1/- La prise en charge par l’État de tout ou partie des charges sociales dans certains secteurs de l’économie (agriculture par exemple), pour les entreprises jusqu’à une certaine taille (éventuellement). Les organismes sociaux recevant des cotisations en €FRF verseront leurs prestations prioritairement en €FRF.

2/- Un certain nombre de produits participants au développement économique local seront subventionnés dans la mesure où ils seront payés en €FRF (escompte en caisse). Cet escompte ‘politique’ est pris en charge par l’État.

3/-  Le versement d’une prime (imposable ? non imposable ?) de 600 €FRF par exemple à tous les salariés, fonctionnaires, chômeurs indemnisés, bénéficiaires du RSA (28 millions de personnes environ), représenterait une injection de 17 milliards d’€FRF de capacité de consommation. Cette décision aurait comme effet bénéfique d’introduire d’un coup d’un seul l’€FRF dans le paysage économique, mais, à moins de réserver son utilisation au règlement de certains biens et services seulement, ce qui ne correspond pas à nos hypothèses de base, les produits importés risquent de bénéficier trop largement de cette mesure. C’est pourquoi nous suggérons de l’instaurer après la mise en place des 2 premières mesures et aussi d’en répartir le versement dans le temps : 100 €FRF par mois, tous les 2 mois ? (à voir)

Nous n’avons effectué aucune estimation pour les mesures 1/ et 2/, laissant aux spécialistes de chaque branche de l’économie faire leurs hypothèses et les soumettre à l’arbitrage des politiques.

Dans un premier temps nous suggérons de limiter le montant émis au déficit du budget général de la France, soit 72 milliards d’€ en 2016 (pour un montant de 410 milliards de dépenses) : il ne faut pas effrayer nos partenaires européens et tester le système.

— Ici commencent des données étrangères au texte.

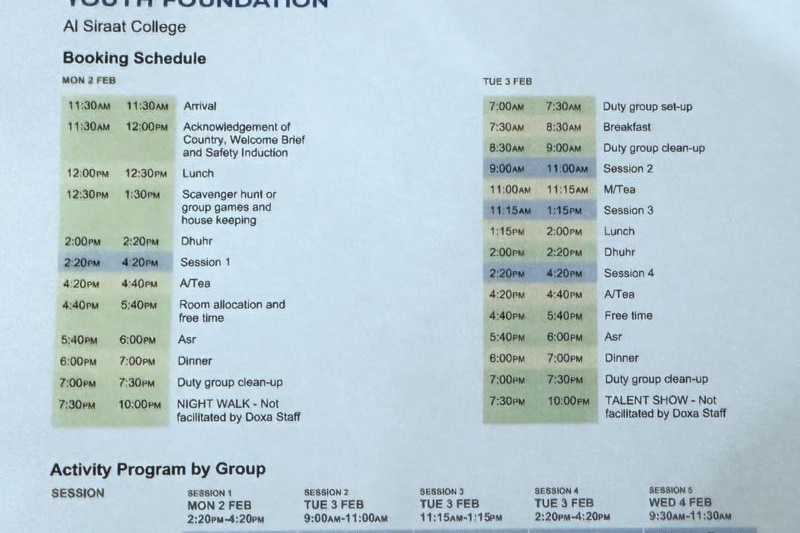 Year 7 GIRLS Camp Doxa
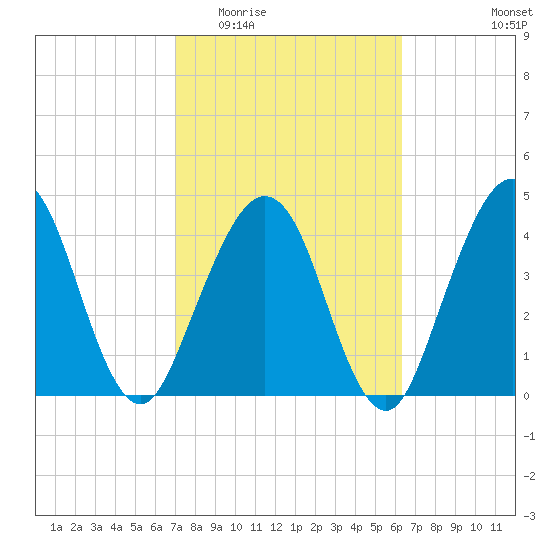 Simpson Creek tide chart for Saturday, February 21, 2026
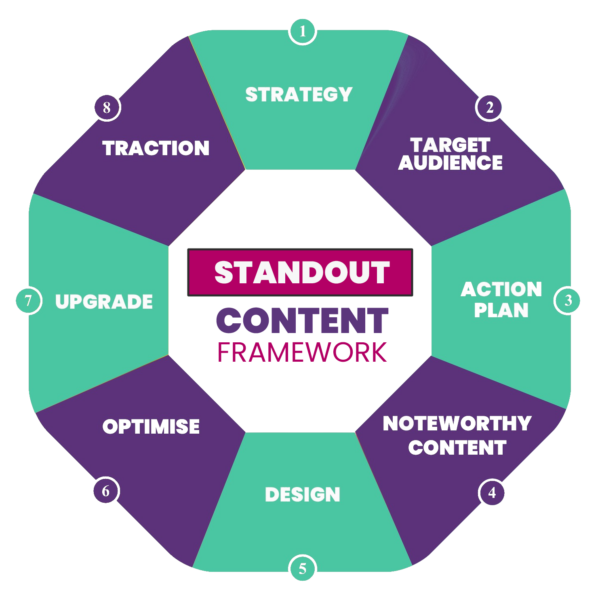 standout-content-framework-kit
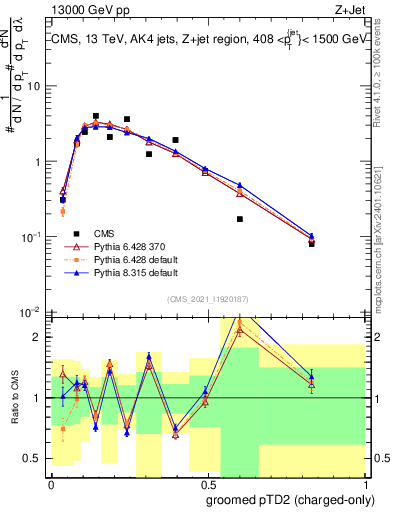 Plot of j.ptd2.gc in 13000 GeV pp collisions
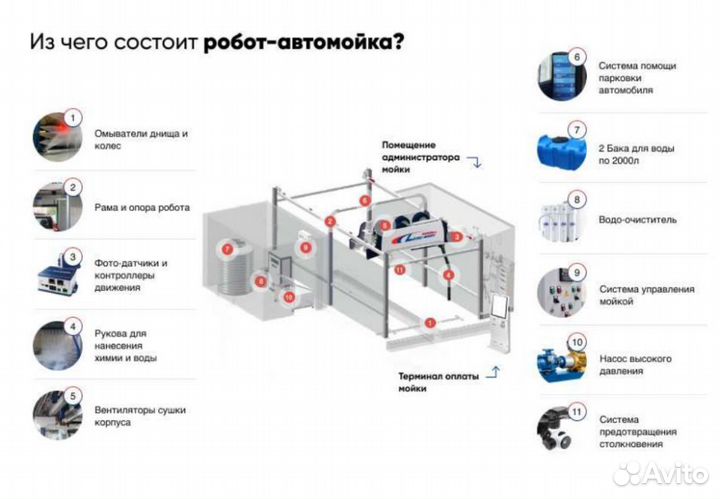 Робот самомойка LeisuWash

Il sera toujours possible aux titulaires de comptes en € de changer en €FRF une partie (voire la totalité) de leurs avoirs en €, sans limitation et à leur gré. L’opération inverse n’est pas possible.


  Les entreprises et l’€FRF

Un des buts de la manœuvre est que progressivement sur le territoire national l’utilisation de l’€FRF se substitue à celui de l’€. Il arrivera donc, pour les entreprises n’exportant pas en particulier, qu’elles ne disposeront plus de ressources en €, et donc de moyens d’importer. Dans les cas où l’importation est nécessaire à la poursuite de la production de certains biens et services sur le territoire national, l’État autorisera le change d’€FRF en €, moyennant une taxe forfaitaire qui pourrait être de l’ordre de 3% (pour prise en compte du caractère ‘fondant’ de l’€FRF).

  Gestion de l’€FRF

Les banques (au sens large) opérant sur le territoire national seront tenues d’ouvrir sur simple demande de leurs clients un compte en €FRF, auquel sera associée pour les particuliers une carte de paiement (dite Tricolore) sans contact à débit immédiat. La tenue de ce compte et toutes les opérations l’affectant seront gratuites.

Les terminaux de paiement électroniques seront tous modifiés (comme ceux de Nantes pour l’opération SoNantes) pour accepter aussi bien la carte de paiement Tricolore que les cartes classiques. Cette modification purement technique devrait être simple et rapide, le cas de la carte Nickel en étant un bon exemple. Au cas où des difficultés imprévues surgiraient lors de cette opération, les titulaires de comptes en €FRF pourraient émettre des chèques en €FRF en utilisant les formules adossées à leurs comptes en €. Il va de soi que cette dérogation est source de complications mais ne peut qu’encourager le monde bancaire à collaborer activement à la mise en place du nouveau système.

Comme il n’y a pas d’espèces libellées en €FRF, il sera possible, pour les particuliers disposant uniquement d’un compte en €FRF (hypothèse qui ne peut être totalement exclue, surtout à terme), de se procurer des espèces libellées en €, quelques dizaines d’€ par semaine au maximum, à titre de dépannage.